The sheer scale of the catastrophe of the Bush presidency is — five years on — what still impresses. In the entire history of the country, there have been only a few presidents to have presided over so complete and perfect a collapse of prosperity and confidence and prestige and general happiness as happened under George Bush II. James Buchanan and Andrew Johnson are his only rivals in the race to the bottom, and even they can not rival the breadth of his failure: in economics, in war, in foreign policy, in civil rights, in fiscal responsibility. In only this way, in his unique facility at destroying and squandering whatever he laid his hands on, is George W. Bush a remarkable leader. He is the Jeff Zucker of American politics.

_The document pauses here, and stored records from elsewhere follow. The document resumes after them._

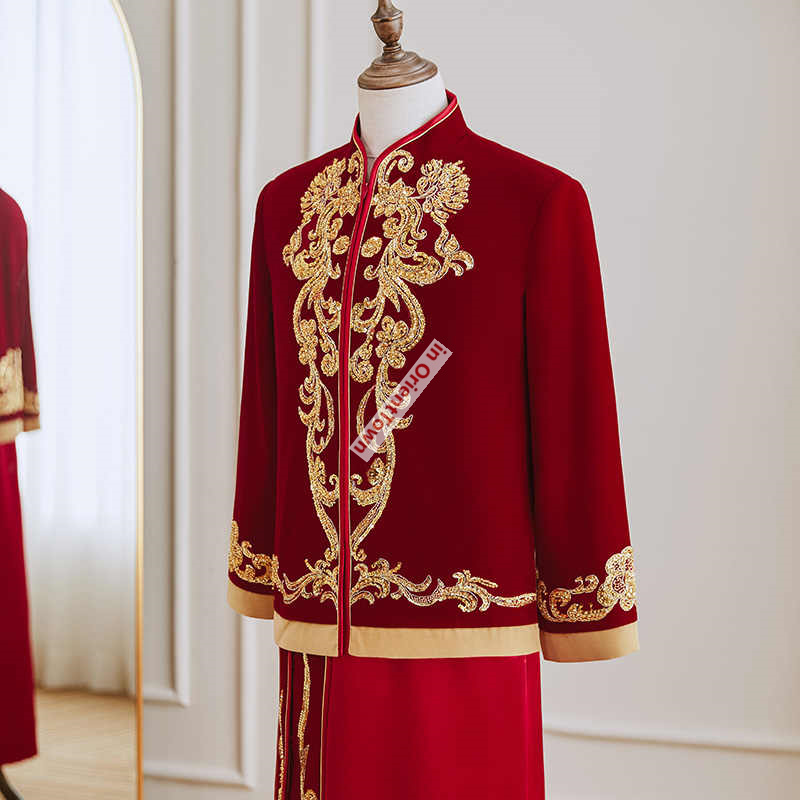 Velvet Xiuhe China Trend Men's - Men'S Grooming Trends のレビューと価格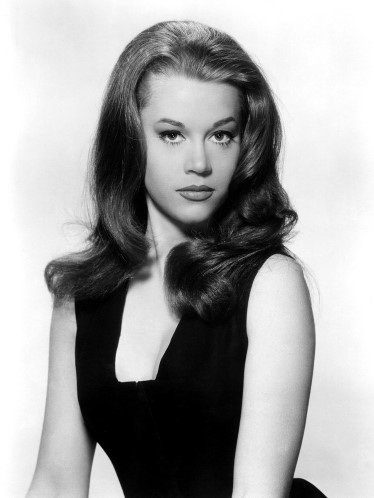 Những ngôi sao màn bạc “càng già càng cay” (phần 2) - 1 Jane Fonda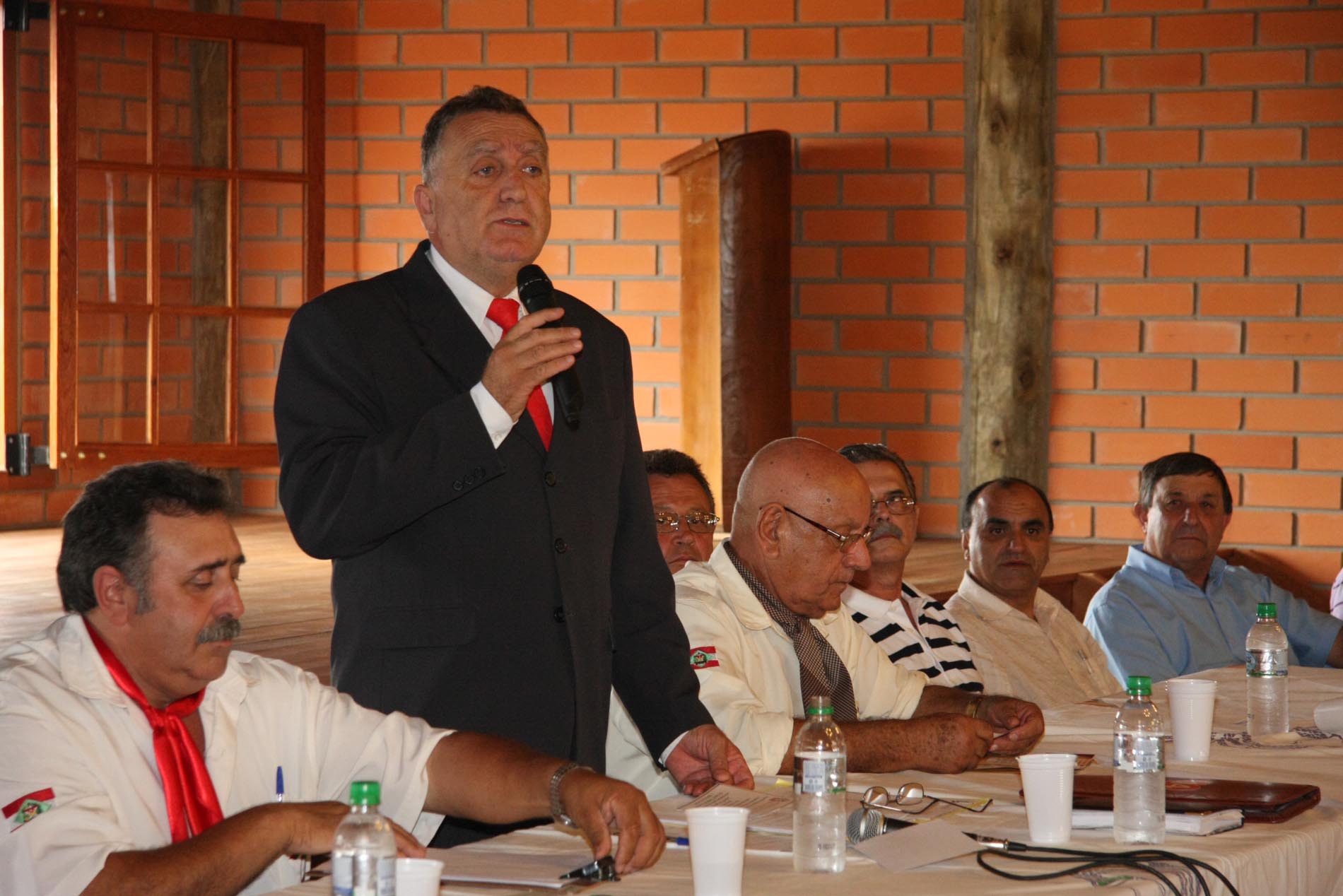 Audiência Pública  –  Lages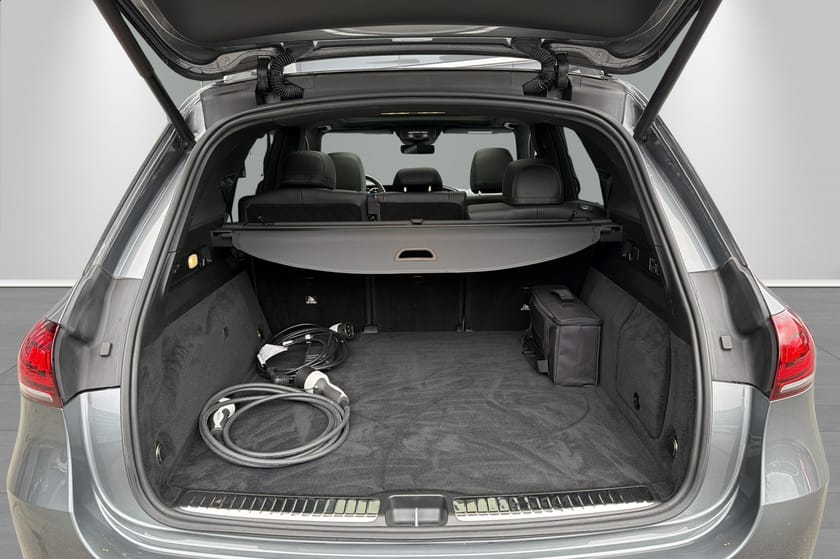 Bilde 5 av Mercedes-Benz GLE 350 de 4MATIC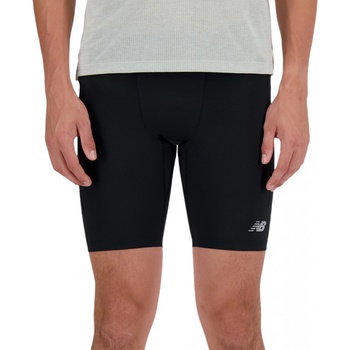 New Balance Sleek Pocket Half Tight bk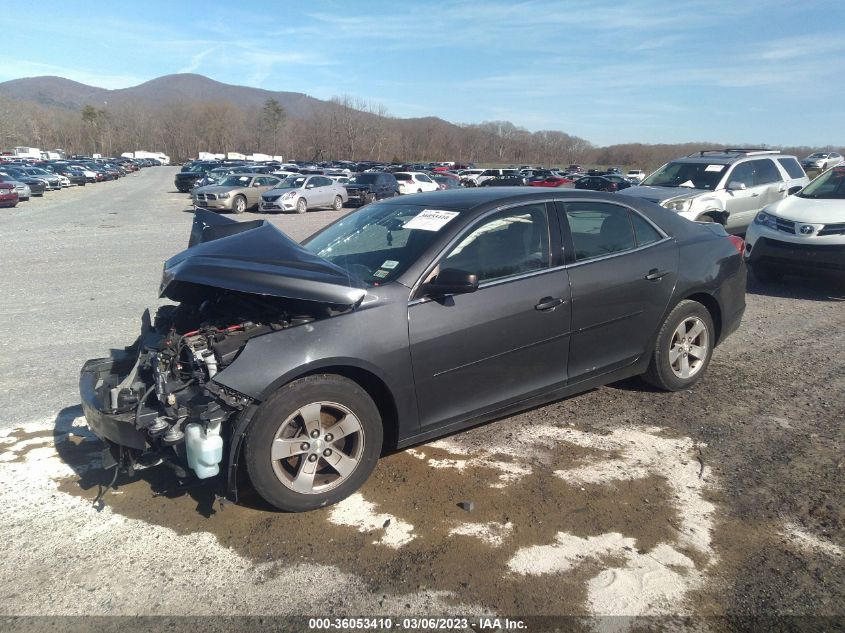 2015 CHEVROLET MALIBU LS - 1G11A5SL9FF185590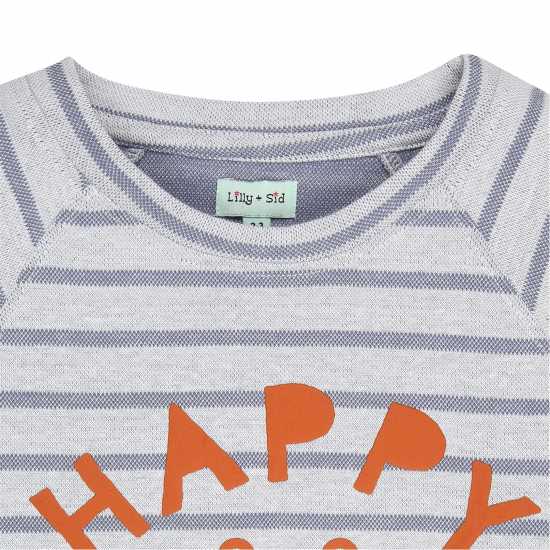 Lilly And Sid Hpy Dys Tex Top Jn99  Детски тениски и фланелки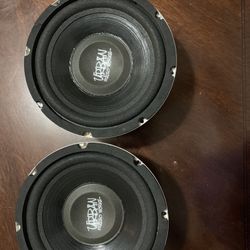 Urban Audio Work Speakers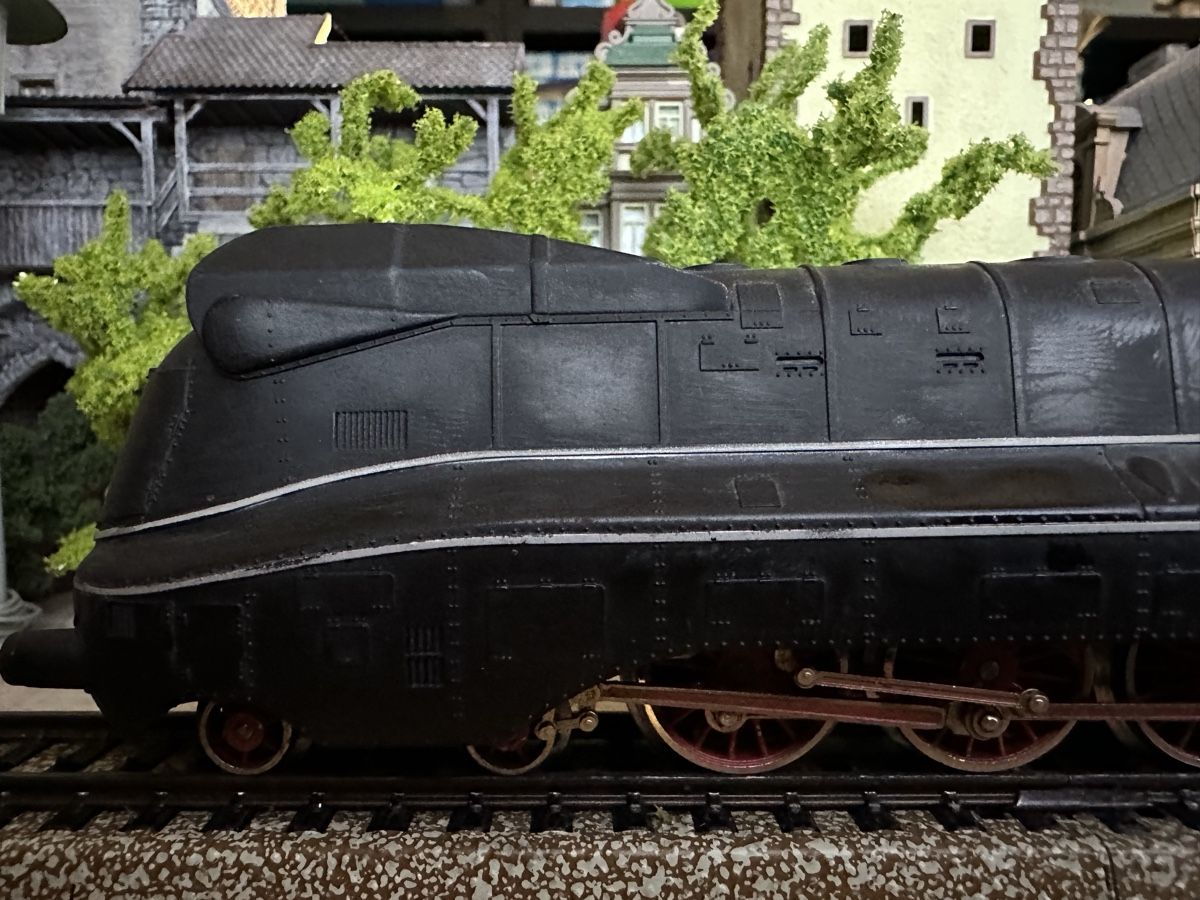 Märklin Trains électriques: Märklin 3089 DRG BR 03 – D'occasion à Lupsingen par New-Haven 1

For all of these things, Bush has been, for the past five years, roundly derided, condemned, scoffed at, and mocked. But now comes the time, after a suitable period of cooling off, where we’re all supposed to gather around the campfire and agree that he really did have the country’s best interests at heart, and he really did do some things like preventing attacks on the “Homeland” after 9/11, all right, and he really was just such a lovely guy, in spite of his body count. 

But, to paraphrase my grandfather, you can’t polish a turd. And this turd has comes with so great a stink that the country it soiled for eight years will not be able to wash its stench off for generations.

It falls to us, we, the still-soiled sons of this still-soiled country, to remind that turd of its place. And its place is still in the toilet.